### TRY IT
Restrict the output to the lines below starting at the one that contains "by Kathryn Sillince" and ending at the one that contains "2007 HONDA Odyssey", and restate them word for word, both ends included.
━━ STORED DATA
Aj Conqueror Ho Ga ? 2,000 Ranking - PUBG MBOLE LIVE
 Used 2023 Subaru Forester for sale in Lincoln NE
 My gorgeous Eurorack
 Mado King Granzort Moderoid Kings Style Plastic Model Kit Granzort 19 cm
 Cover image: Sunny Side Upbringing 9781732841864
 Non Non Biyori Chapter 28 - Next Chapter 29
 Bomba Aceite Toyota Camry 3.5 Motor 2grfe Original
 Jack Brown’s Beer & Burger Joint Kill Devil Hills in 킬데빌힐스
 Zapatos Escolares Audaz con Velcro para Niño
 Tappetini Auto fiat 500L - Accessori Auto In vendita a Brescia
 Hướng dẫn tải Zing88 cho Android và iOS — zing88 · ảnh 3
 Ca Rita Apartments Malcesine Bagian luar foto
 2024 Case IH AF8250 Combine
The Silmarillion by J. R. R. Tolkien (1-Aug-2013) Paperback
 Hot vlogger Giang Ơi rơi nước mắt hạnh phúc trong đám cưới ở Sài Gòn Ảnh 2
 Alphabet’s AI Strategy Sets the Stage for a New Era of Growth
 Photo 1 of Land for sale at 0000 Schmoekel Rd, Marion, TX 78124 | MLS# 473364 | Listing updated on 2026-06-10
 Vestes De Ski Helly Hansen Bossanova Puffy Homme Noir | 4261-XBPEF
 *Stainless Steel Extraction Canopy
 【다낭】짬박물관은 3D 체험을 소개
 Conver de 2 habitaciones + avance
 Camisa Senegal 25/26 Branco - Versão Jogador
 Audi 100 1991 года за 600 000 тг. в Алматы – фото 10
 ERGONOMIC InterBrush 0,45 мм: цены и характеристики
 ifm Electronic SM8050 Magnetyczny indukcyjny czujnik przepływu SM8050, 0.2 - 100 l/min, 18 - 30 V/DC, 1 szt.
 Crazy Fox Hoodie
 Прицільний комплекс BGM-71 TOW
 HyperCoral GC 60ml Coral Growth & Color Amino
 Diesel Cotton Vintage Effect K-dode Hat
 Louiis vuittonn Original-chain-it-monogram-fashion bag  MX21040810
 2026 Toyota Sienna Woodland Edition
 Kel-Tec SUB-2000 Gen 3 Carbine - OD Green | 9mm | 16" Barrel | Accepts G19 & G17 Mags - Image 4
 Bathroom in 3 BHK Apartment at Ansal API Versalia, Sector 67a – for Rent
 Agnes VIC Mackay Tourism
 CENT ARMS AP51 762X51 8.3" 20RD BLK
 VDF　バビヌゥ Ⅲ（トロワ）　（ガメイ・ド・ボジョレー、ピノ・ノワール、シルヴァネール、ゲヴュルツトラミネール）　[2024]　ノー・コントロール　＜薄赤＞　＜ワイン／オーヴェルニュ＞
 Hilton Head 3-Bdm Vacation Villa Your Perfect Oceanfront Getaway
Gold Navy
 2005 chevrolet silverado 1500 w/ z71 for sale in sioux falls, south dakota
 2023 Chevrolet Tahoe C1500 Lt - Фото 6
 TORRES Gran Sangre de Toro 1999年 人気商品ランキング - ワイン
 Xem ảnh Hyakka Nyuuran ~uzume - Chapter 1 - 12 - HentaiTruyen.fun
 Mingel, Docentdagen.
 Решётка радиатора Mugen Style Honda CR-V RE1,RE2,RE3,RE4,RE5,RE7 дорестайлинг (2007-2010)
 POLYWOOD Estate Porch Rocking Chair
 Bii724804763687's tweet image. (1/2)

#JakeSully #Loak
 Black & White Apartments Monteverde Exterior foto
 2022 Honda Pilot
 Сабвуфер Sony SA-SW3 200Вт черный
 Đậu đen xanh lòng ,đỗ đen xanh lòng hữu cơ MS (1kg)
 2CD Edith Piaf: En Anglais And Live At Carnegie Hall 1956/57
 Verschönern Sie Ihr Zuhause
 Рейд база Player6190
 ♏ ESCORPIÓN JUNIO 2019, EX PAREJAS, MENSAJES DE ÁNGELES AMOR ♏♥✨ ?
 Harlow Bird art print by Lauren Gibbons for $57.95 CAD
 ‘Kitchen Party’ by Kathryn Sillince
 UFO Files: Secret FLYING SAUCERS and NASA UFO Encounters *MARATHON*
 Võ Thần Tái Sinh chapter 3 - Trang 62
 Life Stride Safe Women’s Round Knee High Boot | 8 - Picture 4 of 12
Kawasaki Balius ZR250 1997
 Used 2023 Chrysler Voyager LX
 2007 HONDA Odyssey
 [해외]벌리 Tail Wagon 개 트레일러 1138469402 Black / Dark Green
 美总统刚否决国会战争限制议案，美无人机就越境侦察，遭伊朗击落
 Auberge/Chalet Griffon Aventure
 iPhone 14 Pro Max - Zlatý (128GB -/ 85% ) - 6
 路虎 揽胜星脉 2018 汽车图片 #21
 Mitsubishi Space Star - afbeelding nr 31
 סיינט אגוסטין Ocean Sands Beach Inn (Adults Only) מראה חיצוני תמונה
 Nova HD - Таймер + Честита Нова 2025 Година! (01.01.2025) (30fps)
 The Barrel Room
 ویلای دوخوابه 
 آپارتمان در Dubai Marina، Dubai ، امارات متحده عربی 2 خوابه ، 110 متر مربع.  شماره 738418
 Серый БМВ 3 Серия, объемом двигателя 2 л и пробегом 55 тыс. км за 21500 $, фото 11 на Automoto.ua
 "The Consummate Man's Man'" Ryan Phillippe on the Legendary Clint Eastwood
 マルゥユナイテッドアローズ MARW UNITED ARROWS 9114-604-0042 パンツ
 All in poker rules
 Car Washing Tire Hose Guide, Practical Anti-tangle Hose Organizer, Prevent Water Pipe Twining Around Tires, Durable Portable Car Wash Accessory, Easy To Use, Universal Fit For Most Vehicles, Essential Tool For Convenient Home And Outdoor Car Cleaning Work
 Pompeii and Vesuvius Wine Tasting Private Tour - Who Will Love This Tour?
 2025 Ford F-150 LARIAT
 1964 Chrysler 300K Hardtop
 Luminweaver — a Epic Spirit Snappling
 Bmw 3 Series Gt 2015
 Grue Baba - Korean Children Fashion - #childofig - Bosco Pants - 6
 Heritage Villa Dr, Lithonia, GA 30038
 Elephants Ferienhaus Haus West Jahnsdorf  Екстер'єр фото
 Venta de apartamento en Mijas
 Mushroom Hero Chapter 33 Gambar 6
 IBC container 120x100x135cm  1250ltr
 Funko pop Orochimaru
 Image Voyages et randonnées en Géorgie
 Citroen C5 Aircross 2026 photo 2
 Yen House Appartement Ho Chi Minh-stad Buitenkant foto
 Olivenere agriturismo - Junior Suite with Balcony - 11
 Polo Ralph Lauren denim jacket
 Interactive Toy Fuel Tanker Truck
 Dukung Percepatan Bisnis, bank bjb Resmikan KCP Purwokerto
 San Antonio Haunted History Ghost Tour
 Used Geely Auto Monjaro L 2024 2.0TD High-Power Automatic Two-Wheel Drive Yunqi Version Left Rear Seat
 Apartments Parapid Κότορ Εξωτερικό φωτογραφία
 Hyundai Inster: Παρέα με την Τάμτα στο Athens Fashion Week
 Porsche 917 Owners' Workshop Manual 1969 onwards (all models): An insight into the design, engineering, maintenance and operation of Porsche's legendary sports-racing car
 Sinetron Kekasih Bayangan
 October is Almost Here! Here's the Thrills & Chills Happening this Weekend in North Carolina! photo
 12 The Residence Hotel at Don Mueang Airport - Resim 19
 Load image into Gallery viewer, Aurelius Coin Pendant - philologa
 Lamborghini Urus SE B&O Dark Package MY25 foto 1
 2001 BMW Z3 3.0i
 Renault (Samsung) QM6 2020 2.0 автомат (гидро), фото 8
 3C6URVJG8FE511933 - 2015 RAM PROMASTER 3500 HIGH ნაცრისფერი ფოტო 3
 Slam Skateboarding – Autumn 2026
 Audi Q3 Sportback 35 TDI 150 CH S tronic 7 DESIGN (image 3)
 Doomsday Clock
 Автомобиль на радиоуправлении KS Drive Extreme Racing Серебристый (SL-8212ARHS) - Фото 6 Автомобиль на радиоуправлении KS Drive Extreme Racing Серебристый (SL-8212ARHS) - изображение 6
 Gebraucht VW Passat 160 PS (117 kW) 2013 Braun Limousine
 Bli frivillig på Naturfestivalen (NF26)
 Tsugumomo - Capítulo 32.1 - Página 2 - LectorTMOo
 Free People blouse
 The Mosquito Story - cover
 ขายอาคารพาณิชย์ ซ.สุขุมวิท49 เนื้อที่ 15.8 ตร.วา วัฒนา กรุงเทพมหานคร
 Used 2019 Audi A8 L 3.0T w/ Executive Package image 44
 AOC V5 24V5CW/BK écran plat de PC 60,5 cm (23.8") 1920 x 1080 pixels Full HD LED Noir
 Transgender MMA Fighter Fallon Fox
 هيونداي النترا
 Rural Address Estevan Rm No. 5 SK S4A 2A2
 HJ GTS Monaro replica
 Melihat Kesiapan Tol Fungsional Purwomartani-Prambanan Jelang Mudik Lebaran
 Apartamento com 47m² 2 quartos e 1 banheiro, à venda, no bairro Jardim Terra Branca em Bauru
━━━━
### ANSWER SPACE
 ‘Kitchen Party’ by Kathryn Sillince
 UFO Files: Secret FLYING SAUCERS and NASA UFO Encounters *MARATHON*
 Võ Thần Tái Sinh chapter 3 - Trang 62
 Life Stride Safe Women’s Round Knee High Boot | 8 - Picture 4 of 12
Kawasaki Balius ZR250 1997
 Used 2023 Chrysler Voyager LX
 2007 HONDA Odyssey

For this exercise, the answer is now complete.